Please give back the lines from the line containing "不要恋爱要打炮 - 第30話-雖然無心交往 - page 34" through the end of the listing below, exactly as written and without pictures.

*** Opening THE DATA ***

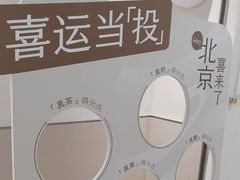 -喜茶(北京石景山万达店)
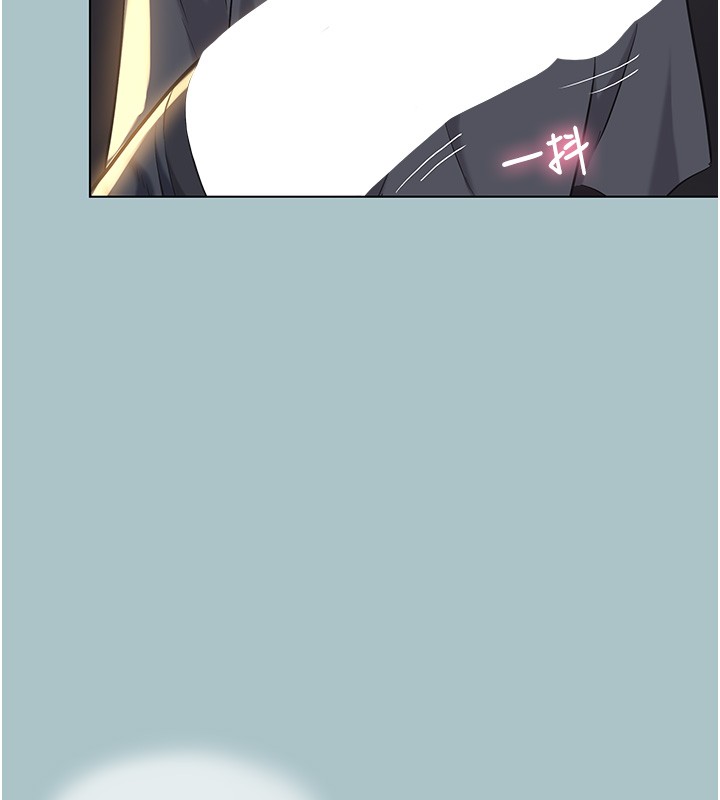 不要恋爱要打炮 - 第30話-雖然無心交往 - page 34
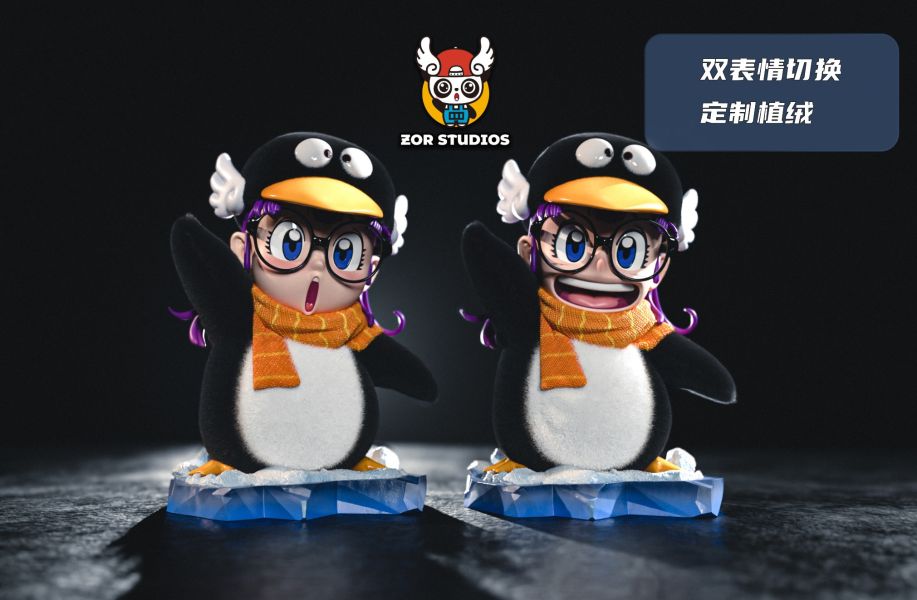 【預購】阿拉蕾 植絨系列 企鵝阿拉蕾 X ZOR-Studios 玩驛丨Toy station, GK雕像預購, GK雕像代購, GK雕像現貨, GK雕像修復, 咒術, 咒術迴戰, SCC玩具屋, 玩具給庫, NBA, 瘋公仔, 訂製雕像,模型,伯公仔,gk,玩驛,火影,夜風本舖,海賊,死神,航海王,獵人,阿拉蕾,七大罪,七龍珠,寶可夢,神奇寶貝,哥吉拉,宮崎駿,迪士尼,灌籃高手,鬼滅之刃,一拳超人,蠟筆小新,咒術,鏈鋸人,進擊的巨人,乙骨,我英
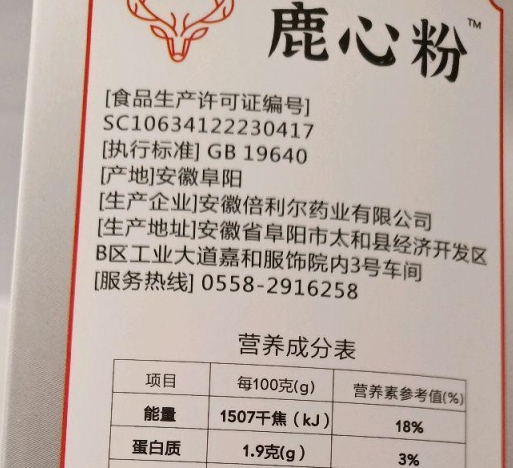 鹿心血牡蛎肽燕麦方便食品(鹿心粉)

*** Closing THE DATA ***

OUTPUT OF THE TASK:
 不要恋爱要打炮 - 第30話-雖然無心交往 - page 34
 【預購】阿拉蕾 植絨系列 企鵝阿拉蕾 X ZOR-Studios 玩驛丨Toy station, GK雕像預購, GK雕像代購, GK雕像現貨, GK雕像修復, 咒術, 咒術迴戰, SCC玩具屋, 玩具給庫, NBA, 瘋公仔, 訂製雕像,模型,伯公仔,gk,玩驛,火影,夜風本舖,海賊,死神,航海王,獵人,阿拉蕾,七大罪,七龍珠,寶可夢,神奇寶貝,哥吉拉,宮崎駿,迪士尼,灌籃高手,鬼滅之刃,一拳超人,蠟筆小新,咒術,鏈鋸人,進擊的巨人,乙骨,我英
 鹿心血牡蛎肽燕麦方便食品(鹿心粉)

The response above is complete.